Not only does Bourestom feel spreading the word of the DigniCap Scalp Cooling System is important, but so is awareness by way of insurance providers. At present time most providers in California do not offer coverage or a reimbursement for the cooling system. There are, however, a number of organizations that offer subsidies to help cover the cost of DigniCap.

“We’re very much trying to work toward standardized reimbursement,” she said, “so that patients and health care providers know what to expect when they’re looking at whether to do this treatment or not. We’re just not there yet.”

One thing noted that is most helpful is for a patient to submit a claim, even if the provider shares it’s not covered. The codes must still be put in and are tracked. The more tracked and denied, the stronger the case for standardizing coverage.

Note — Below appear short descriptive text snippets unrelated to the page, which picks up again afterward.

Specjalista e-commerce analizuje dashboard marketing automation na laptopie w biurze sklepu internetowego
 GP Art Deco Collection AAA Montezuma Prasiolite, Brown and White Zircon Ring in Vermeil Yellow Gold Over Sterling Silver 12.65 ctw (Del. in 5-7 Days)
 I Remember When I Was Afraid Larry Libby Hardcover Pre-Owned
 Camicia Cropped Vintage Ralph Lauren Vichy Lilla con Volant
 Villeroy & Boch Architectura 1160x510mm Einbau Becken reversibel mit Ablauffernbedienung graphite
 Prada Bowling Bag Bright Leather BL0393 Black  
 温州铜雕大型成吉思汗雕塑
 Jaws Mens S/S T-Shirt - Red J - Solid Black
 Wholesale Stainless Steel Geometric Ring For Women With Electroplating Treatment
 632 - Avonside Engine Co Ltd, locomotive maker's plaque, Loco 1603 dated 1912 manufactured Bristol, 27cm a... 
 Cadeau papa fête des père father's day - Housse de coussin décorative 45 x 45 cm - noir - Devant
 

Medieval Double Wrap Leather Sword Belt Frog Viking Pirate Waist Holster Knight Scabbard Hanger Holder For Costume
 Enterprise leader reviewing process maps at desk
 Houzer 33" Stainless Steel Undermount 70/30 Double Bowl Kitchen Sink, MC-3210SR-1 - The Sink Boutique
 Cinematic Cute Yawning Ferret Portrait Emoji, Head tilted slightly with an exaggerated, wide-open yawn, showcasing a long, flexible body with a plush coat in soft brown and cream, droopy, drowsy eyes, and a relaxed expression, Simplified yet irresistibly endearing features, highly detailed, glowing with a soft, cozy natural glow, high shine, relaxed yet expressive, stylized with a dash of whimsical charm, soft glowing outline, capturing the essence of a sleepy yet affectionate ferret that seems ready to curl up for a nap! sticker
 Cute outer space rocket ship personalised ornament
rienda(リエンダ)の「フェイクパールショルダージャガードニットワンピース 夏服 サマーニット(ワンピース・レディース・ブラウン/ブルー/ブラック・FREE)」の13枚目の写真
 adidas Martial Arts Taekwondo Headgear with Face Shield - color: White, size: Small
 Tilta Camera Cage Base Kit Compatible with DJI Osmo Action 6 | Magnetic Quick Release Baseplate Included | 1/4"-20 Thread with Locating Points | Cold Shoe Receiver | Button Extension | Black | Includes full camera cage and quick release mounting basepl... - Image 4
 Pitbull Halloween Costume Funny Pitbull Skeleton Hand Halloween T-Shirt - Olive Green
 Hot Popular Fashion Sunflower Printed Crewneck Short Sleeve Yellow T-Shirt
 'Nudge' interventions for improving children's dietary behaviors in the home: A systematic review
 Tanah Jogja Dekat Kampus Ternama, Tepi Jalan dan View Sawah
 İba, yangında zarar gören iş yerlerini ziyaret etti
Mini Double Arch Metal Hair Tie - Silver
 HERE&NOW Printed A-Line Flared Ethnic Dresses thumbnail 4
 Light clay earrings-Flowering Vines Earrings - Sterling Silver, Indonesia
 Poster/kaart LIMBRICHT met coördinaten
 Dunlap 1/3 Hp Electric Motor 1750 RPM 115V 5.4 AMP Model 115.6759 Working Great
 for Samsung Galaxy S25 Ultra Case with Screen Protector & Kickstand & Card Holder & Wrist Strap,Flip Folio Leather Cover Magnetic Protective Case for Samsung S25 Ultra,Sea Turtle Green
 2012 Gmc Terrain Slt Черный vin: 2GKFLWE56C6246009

“Even if they deny your claim, it still gets tracked as somebody who wanted to use it,” Bourestom noted. “All of that helps us to build a case with payors that this is something the patients want and the patients should have access to.”

For information on DigniCap Scalp Cooling System or to contact a clinical expert, visit

“Cancer is hard enough. To have to lose your hair and deal with that and deal with the uncertainty of what you’re going to look like when you wake up tomorrow morning, that’s just a really hard thing,” Bourestom concluded. “Our hope is that patients don’t have to deal with that. We want to give them an option to do scalp cooling, minimize hair loss and have some sense of privacy and control during their treatment.”